Незнакомка лишь на мгновение задержалась в дверях, окинула взглядом зал, затем слегка качнула головой, как будто что-то одобрила и, неторопливо, но уверенно, двинулась в сторону хозяев дома. Со всех сторон к ней были обращены заинтересованные взгляды, но она ничуть не смущалась и лишь учтиво наклоняла хорошенькую головку в сторону особо назойливых. В руке она держала длинный янтарный мундштук и, время от времени, неторопливо подносила его к губам, чтобы потом выпустить изо рта маленькое ароматное облачко. Искусно сделанная роза из нежно-розового шёлка украшала узкое запястье, вместо браслета.

Она подошла к хозяевам, сделала лёгкий реверанс, улыбнулась Хозяйке и разрешила поцеловать свою ручку Хозяину. Всё это было так странно, как будто из кино или из воспоминаний наших пра-пра-пра-бабушек.

На ней был костюм а-ля Мадам де Помпадур. Нежный шёлк платья подчёркивал стройность фигуры. Белый взбитый парик и бледно-розовая бархатная маска на пол-лица, с наклеенными к прорезям ресницами, делали её образ немного кукольным. Мочки нежных ушек с розовыми хрустальными капельками зачаровывали взгляд. Плавный изгиб шеи перетекал в довольно глубокое декольте, украшенное кружевами цвета бедра испуганной нимфы, которые не позволяли нескромным взглядам скользить дальше. Красивая линия подбородка и маленький ротик, похожий на трепетные лепестки роз – вот и всё, что можно было разглядеть наверняка.

Из прорези маски смотрели бездонные сверкающие глаза. Цвет их определить было невозможно. Во-первых, из-за приглушённого освещения, во-вторых, из-за довольно специфической формы самой маски. Под ней могла скрываться как восточная красавица, так и сумасбродная европейка. Лицо и плечи были сильно напудрены и бледны до крайности. Весь образ чаровницы казался несколько бестелесным. Светло-голубой шёлк и пена кружев превращали её в некое облако, которое скользило среди изумлённых гостей и жило какой-то своей собственной жизнью, в своей загадочной стихии. Её, казалось, несколько забавляло такое внимание, но на все попытки ухаживаний лишь улыбалась и качала головой. У неё не было ни единого свободного танца, если только она сама не желала сделать передышку. Её маленькие ножки в атласных туфельках мелькали, то в вальсе, то в современном танце, но в любом случае, её движения были настолько грациозны, насколько они могут быть у истинной женщины, знающей себе цену.
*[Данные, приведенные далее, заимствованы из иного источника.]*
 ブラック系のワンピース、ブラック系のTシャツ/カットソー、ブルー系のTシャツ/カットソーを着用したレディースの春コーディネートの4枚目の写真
Как у королевы, уверенной в том, что она здесь единственная и неповторимая, что любое её желание, любой каприз бросятся исполнять с подобострастием и рабским удовольствием. И нет ей в данном случае равных, ни по силе власти, ни по красоте.

Семён сидел в дальнем углу зала, утонув в удобном кожаном кресле, и не собирался покидать своего места. За те двадцать минут, что он находился в зале, он успел обойти богато украшенное помещение, пообщаться и соскучиться. Он разглядывал незнакомку с нескрываемым любопытством.
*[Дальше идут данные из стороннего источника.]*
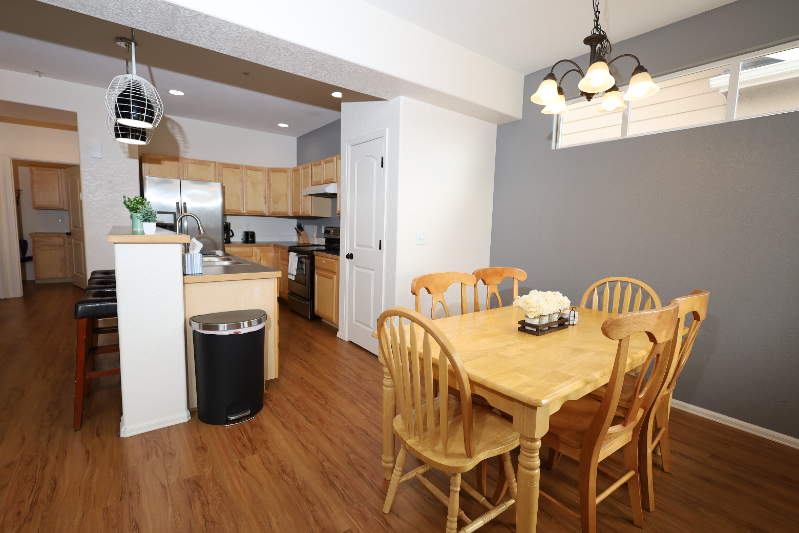 2507 Lynnhaven Ln - Photo 2 of 16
«Маркиза де Помпадур, фаворитка короля. Что ж, недурно», – подумал он. – «Ну, и кто у нас король? Для кого весь этот маскарад?»

Странное щемящее чувство поселилось в груди. Чтобы отогнать неприятные ощущения он глотнул из бокала и положил ногу на ногу.

Он с нетерпением ждал свою жену, а она, как назло, где-то застряла.

«Наверное, не может влезть в свой «оригинальный» костюм».

Незаметно для себя он стал сравнивать жену с «маркизой», как он окрестил незнакомку в парике. Она имела прекрасное сложение, тонкую талию, красивую спину. Ростом, пожалуй, повыше его Маринки. Но вот, что разительно отличало её от жены – это грация движений. Всё было настолько прекрасно, женственно и естественно, чему невозможно научиться специально, это должно родиться вместе с женщиной. И «это» было настолько губительно для мужчин, что если бы они жили во времена Пушкина или Лермонтова, то наверняка случились бы дуэли.

Семён, казалось, уже ненавидел её за манеры, хотя она ни одному воздыхателю не дала ни единого «аванса», и её нельзя было уличить в пошлом жеманстве. Кроме того, с её уст не слетело ни единого звука. Всё общение шло с помощью жестов. Даже когда Хозяин дома обратился к ней с каким-то вопросом, она чуть склонила голову к плечу, улыбнулась, выпустила облачко и слегка помахала мундштуком. Мундштук вообще служил своеобразным громоотводом. Семён был поражён, сколько может женщина сделать движений примитивным предметом, чтобы, не прибегая к словам, дать понять, что ей надо или что не нравится. И ведь понимали же!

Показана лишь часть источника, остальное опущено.